After the popular insurrection had been quelled, the prefect of the city appeared in public, as if to inquire into the cause of the conflagration, and the burning of the council-hall, and punished many severely; but being a pagan, he ridiculed the calamities of the Church, and delighted in its misfortunes.
Eutropius, a reader, was required to name the persons who had set fire to the church; but although he was scourged severely, although his sides and cheeks were torn with iron nails, and although lighted torches were applied to the most sensitive parts of his body, no confession could be extorted from him, notwithstanding his youth and delicacy of constitution. After having been subjected to these tortures, he was cast into a dungeon, where he soon afterwards expired.
A dream of Sisinius concerning Eutropius seems worthy of insertion in this history.

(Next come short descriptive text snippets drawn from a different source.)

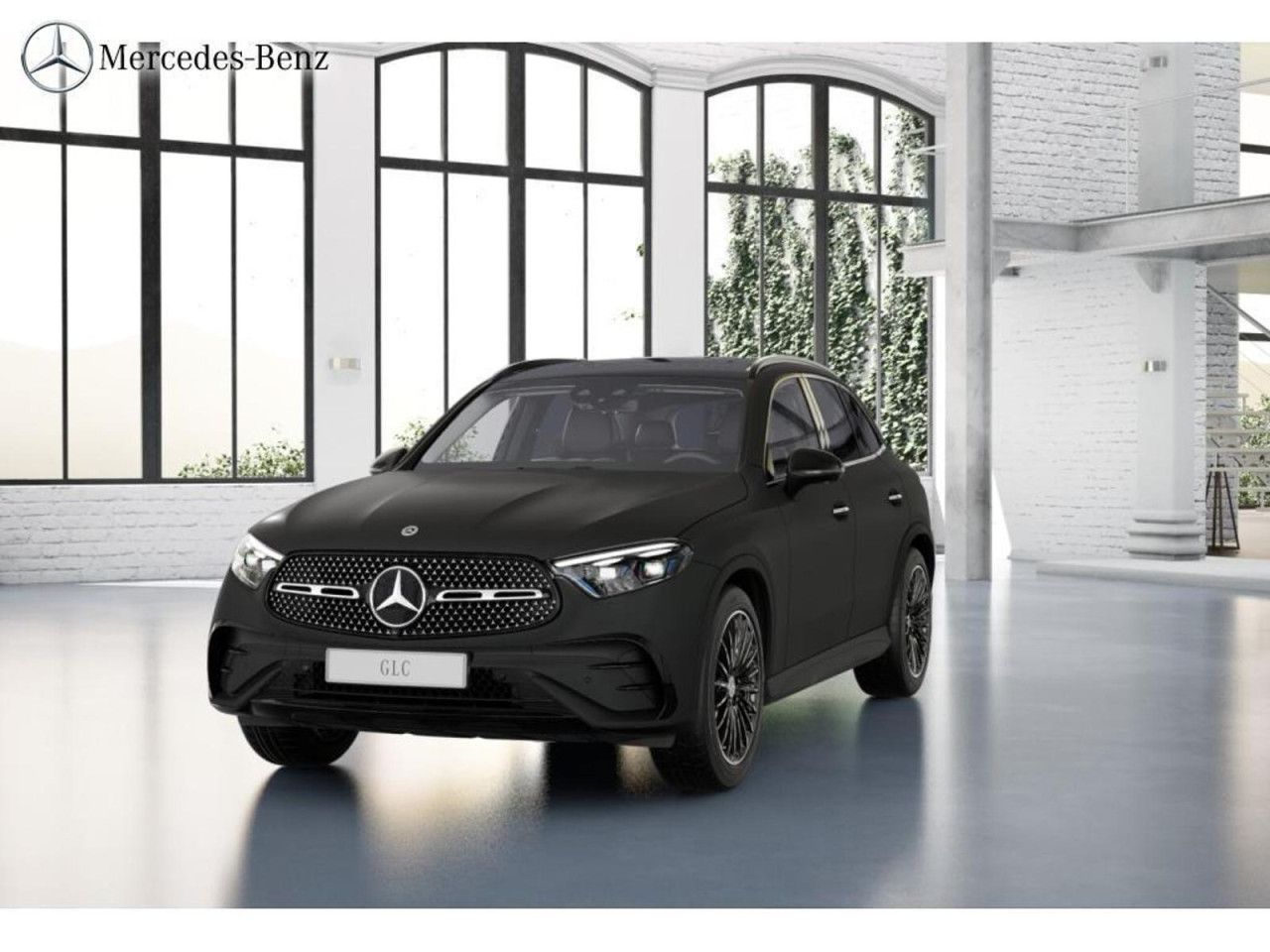 Mercedes-Benz GLC – Bild 7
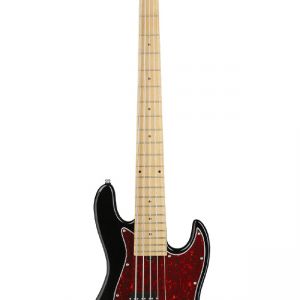 Sadowsky 21-5 Fret Hyprid PJ Arce - Solid Black High Polish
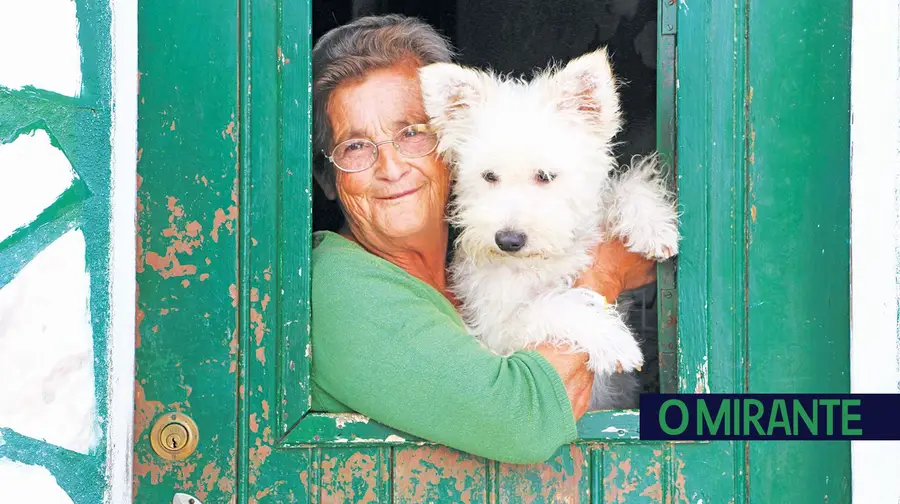 Maria José, 69 anos Maria José, 69 anos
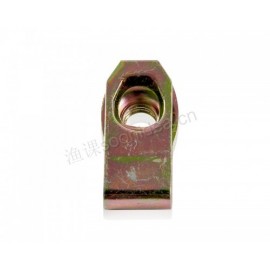 Hexagonal Nylon Cap Nut 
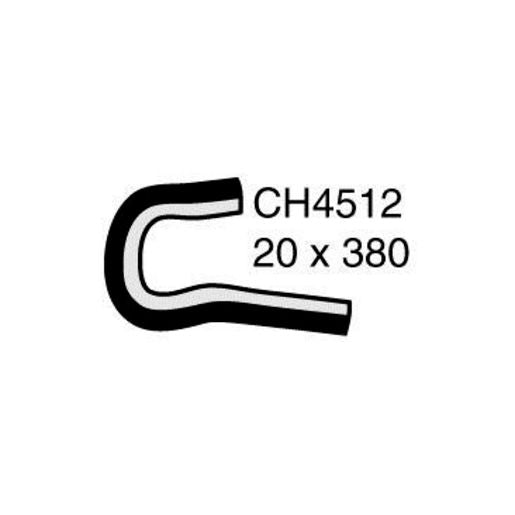 Mackay Heater Hose CH4512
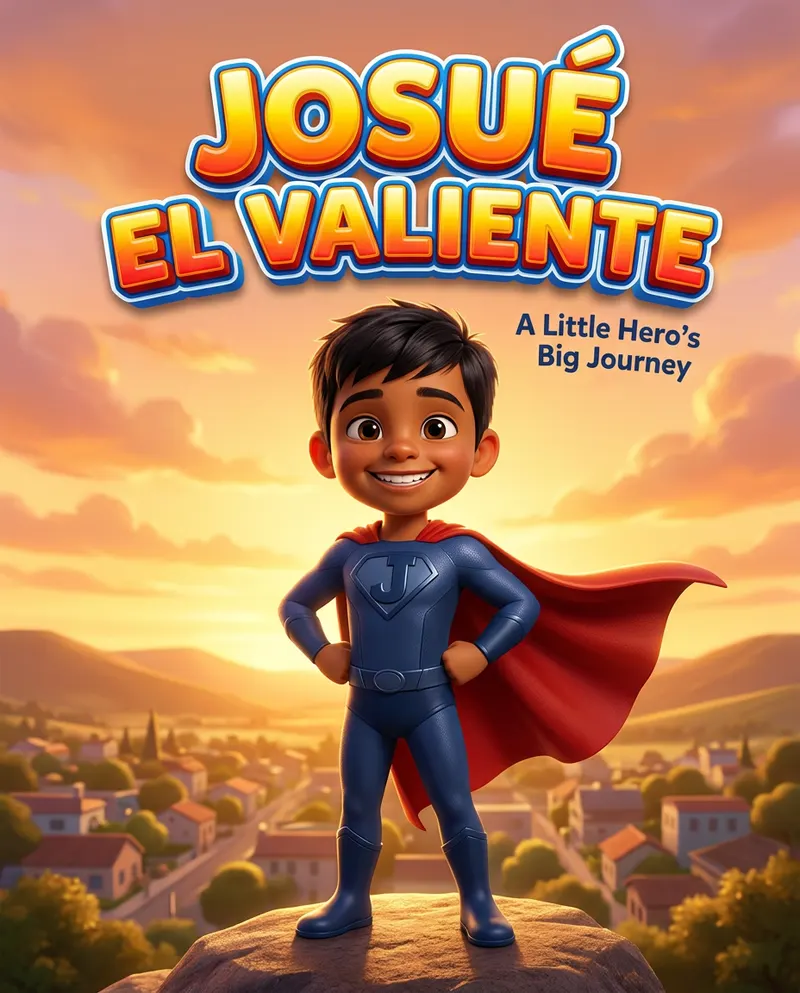 El día que Josué fue valiente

Sisinius, the bishop of the Novatians, saw in his sleep a man, conspicuous for beauty and stature, standing near the altar of the church which the Novatians erected to the honor of Stephen, the proto-martyr; the man complained of the rarity of good men, and said that he had been searching throughout the entire city, and had found but one who was good, and that one was Eutropius. Astonished at what he had seen, Sisinius made known the dream to the most faithful of the presbyters of his church, and commanded him to seek Eutropius wherever he might be. The presbyter rightly conjectured that this Eutropius could be no other than he who had been so barbarously tortured by the prefect, and went from prison to prison in quest of him. At length he found him, and in conversation with him made known the dream of the bishop, and besought him with tears to pray for him. Such are the details we possess concerning Eutropius.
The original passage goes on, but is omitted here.